SUMMARY OF THE INVENTION
This object has been achieved by a coil arrangement and method for manufacturing the coil arrangement.
The invention provides a coil arrangement that has two C-shaped cores both of which have an elongated base and two shorter legs at the ends of the base. The length of the windable base of the core should be at least five times the diameter of the base. A winding is mounted on each base and the ends of the windings are electrically connected at the core legs. The two C-shaped cores are arranged with respect to each other such that their legs point towards each other and are located opposite each other with a defined spacing between one another. The legs are relatively short compared to the length of the bases. They project only marginally beyond the base, preferably by the diameter or twice the diameter of the winding wire. If the coil arrangement is used as a transformer, the air gap between the C-shaped cores can be reduced towards zero in that the cores are joined directly together (e.g. bonded) without the use of spacers.
The invention goes to produce a coil arrangement which is perfectly suited for use as either a choke or a transformer in high-frequency applications. For example, the coil arrangement can be used as a storage choke in a switch mode power supply. The coil arrangement according to the invention makes it possible to achieve excellent characteristics in terms of power density, efficiency and electromagnetic induction. There is the additional advantage that the coil arrangement according to the invention is very compact and flat, making the coil arrangement perfectly suited for SMD (Surface Mounted Device) technology on circuit boards.
In the preferred embodiment of the invention, the part of the ferrite core that carries the windings is either provided with an electrically insulating coating or wound with an insulating tape, making a separate coil carrier unnecessary. In special cases where the coil is only subjected to low voltages, such insulation between the core and the winding may be omitted. Since a coil body is not used and thanks to its simple construction, the coil arrangement holds out the promise of cost advantages vis-à-vis the prior art.
The windings are preferably applied in a single layer to each core and distributed evenly over the length of the base, which goes to provide the core with particularly favorable magnetic properties and to minimize losses due to skin effect und proximity effect.
The diameter of the winding wire should not exceed three times the skin penetration depth. The skin penetration depth is a function of the working frequency and the specific conductivity. For copper wire, the skin effect penetration depth δ at realistic operating temperatures (in the range of about 25° C.-65° C.) can be approximately calculated as follows:
δ [ mm ] 2.2 f [ kHz ]
Should the current load require a larger wire cross-section, two or more wires can be wound in parallel (bifilar, trifilar . . . ) or copper foil may also be used.

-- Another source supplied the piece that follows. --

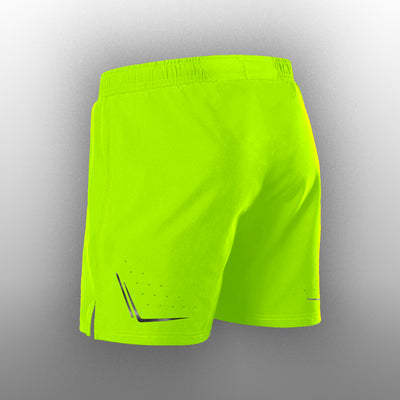 Neon green shorts.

The legs of the C-shaped cores are preferably only slightly longer than the diameter of the winding wires applied to the bases and, in particular, only slightly longer than the diameter of a single winding layer (wire diameter). This has the advantage that the bases of the C-shaped cores can be arranged relatively close to each other allowing the space for the coil arrangement to be optimally utilized, two air gaps being formed by the short legs located opposite each other. When used as a storage choke, the design-related creation of two air gaps proves a considerable advantage since the magnetic leakage flux from two magnetic air gaps lying in series is considerably less than the leakage flux from an equivalent single air gap. In addition, the applied winding geometry assists in minimizing the external leakage field. On the one hand, poloidal coils are involved which have a coil length that is considerably greater than the coil diameter. These kinds of poloidal coils generate a smaller external leakage field from the outset. On the other hand, the two poloidal coils with opposing magnetic polarization lie spatially close together so that their far fields cancel each other out.

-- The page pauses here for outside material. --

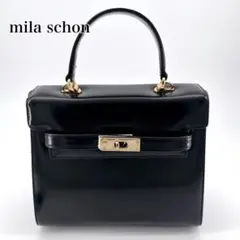 mila schon／ミラ・ショーン／円柱型／がま口／ハンドバッグ／ネイビー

The legs of the C-shaped cores are (at least) slightly longer than the thickness of the windings applied to the bases. This is necessary to enable the magnetic circuit to be closed without a gap (the legs of two halves of the core located opposite each other touch each other). If a gap is to be provided, it is advisable to make the legs about an air-gap width longer than the diameter of the windings in order to keep the strong magnetic field near the gap away from the edge turns of the winding.
Should the application require a particularly large air-gap volume, the two partial gaps can be doubled in number to four partial gaps by introducing short I-cores. The length of the I-core should be kept as small as possible but should be considerably larger than the distance of the resulting gap, at least, however, three times the gap distance. As a result of this design, two identical air gaps are created between the opposing legs of the two halves of the core. With the use of spacers, the air gaps can be set at any desired distance from each other before the core halves are secured. The spacers can either be bonded permanently between the halves of the core or only wedged temporarily between these core halves. In the latter instance, it is advisable to additionally secure the core halves using epoxy resin once the spacers have been removed. The halves of the core can be pressed together before soldering using, for example, a mechanical bracket.

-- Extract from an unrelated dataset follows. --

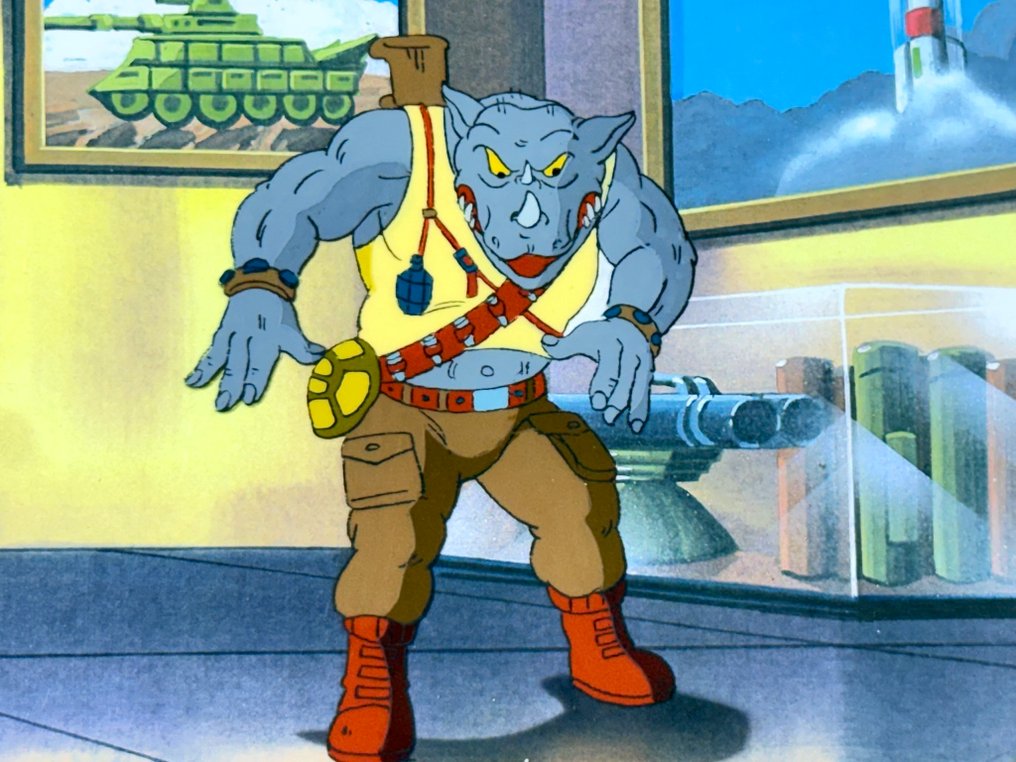 Murakami-Wolf-Swenson - Original animation cel of Rocksteady, with background - Teenage Mutant Ninja Turtles (1987/1996) #3.2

Each leg has at least one electrically conductive surface to connect the windings. In one embodiment of the invention, the legs have a rectangular cross-section. In this embodiment, two leg surfaces that adjoin each other are preferably provided with an electrically conductive contact foil in order to connect the windings. Although the bases may have round cross-sections, the legs are preferably rectangular for connection purposes. Insulation is provided between each leg surface and the electrically conductive foil. The contact surfaces on the core halves can be soldered directly to the tracks on a circuit board.
If a core half carries more than one winding, such as in the case of a bifilar winding, the contact surfaces may also be segmented allowing the winding ends to be connected separately.
The C-shaped cores are preferably designed and constructed in such a way that the legs extend essentially perpendicular to the bases at their outer ends.
The coil arrangement according to the invention can provide the following advantages:
The coils can be fabricated with a very flat and compact geometry promoting an excellent utilization of space. In practice, the coil arrangements are suitable for use as both storage chokes (series inductors) as well as transformers. Due to its design and construction according to the invention, the coil arrangement can not only be suitably realized as a miniaturized SMD choke coil or inductor but also as a power inductor in the kW range.
The single-layer coil geometry minimizes skin effect-related losses in the winding. The elongated, flat C-shape goes to minimize the proportion of magnetic dead volume in the legs thus reducing core losses. The physical division of the air gap into two partial gaps reduces the external eddy currents in the vicinity of the gap. The partial gaps are additionally localized outside the windings so that losses in the winding caused by leakage field induction remain minimal. The geometry of the coil arrangement and the division of the air gap into two partial gaps guarantees minimized magnetic stray fields and thus excellent electromagnetic compatibility.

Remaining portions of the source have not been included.